Confession: before my late junior year discovery of rock and roll, my musical interest started rolling with the pop music of my first two years of high school (1982-84) with the discovery of many new artists through the early days of MTV. So the beginning of a quickly escalating phase of music purchasing started with Madonna's first two albums. By 1986's True Blue though I was a rocker and pop hits like "Papa Don't Preach" and "Open Your Heart", while a big step forward creatively for Madge, just didn't tickle my ear like earlier hits ("Borderline", "Into the Groove", "Dress You Up"). Enjoyed the title track but found "La Isla Bonita" kind of bland. Big album with lots of hits but just all right with me. Ends with a fizzle as "Love Makes the World Go Round" is trite and "Jimmy Jimmy" is just dumb. Still I realize this album is a finely crafted album by an artist venturing successfully in new directions. So given it's a "not you, it's me" kind-of-album, I'd give it :3.0:

Sam though gets several :thumbsup:'s for putting a number one 80s pop album forth (instead of going all music-nerd esoteric on us)
 
Sam though gets several :thumbsup:'s for putting a number one 80s pop album forth (instead of going all music-nerd esoteric on us)
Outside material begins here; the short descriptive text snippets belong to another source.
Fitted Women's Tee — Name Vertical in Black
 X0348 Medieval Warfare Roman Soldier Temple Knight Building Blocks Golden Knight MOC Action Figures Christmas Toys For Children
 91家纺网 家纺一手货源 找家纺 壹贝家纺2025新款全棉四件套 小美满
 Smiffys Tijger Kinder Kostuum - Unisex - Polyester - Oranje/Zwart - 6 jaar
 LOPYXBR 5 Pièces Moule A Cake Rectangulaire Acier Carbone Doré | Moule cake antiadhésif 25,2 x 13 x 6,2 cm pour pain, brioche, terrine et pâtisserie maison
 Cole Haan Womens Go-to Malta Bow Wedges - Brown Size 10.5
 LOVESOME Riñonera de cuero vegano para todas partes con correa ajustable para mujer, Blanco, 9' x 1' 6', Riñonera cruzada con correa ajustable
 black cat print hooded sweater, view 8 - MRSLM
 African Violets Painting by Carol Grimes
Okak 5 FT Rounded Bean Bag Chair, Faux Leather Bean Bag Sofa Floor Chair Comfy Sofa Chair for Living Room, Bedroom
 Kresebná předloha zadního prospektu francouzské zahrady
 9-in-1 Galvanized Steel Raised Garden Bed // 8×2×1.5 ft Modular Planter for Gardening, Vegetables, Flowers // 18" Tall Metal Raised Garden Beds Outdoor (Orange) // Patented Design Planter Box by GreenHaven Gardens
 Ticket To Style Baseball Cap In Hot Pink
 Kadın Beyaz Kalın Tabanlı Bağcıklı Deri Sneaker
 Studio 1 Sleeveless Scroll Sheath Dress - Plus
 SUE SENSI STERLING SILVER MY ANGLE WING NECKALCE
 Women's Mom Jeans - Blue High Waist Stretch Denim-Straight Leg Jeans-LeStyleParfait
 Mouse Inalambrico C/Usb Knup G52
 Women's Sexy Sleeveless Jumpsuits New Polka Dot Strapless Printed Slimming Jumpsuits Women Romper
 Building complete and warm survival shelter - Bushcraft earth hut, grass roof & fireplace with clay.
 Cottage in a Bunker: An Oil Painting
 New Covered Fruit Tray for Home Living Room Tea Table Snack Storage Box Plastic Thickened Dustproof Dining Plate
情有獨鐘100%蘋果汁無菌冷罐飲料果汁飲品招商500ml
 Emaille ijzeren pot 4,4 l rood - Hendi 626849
That didn't occur to me. We could have been reviewing some independent bluegrass album from twin step-brothers on dueling washtub basses and their half-cousin who plays nose-banjo from the foothills of the upper Ohio River delta. Thank you Sam!
 
I had a couple of my usual nerdy choices in mind but decided to go refreshingly mainstream. :p

Bimeby I'll put at least one of 'em up as a Lost Classic.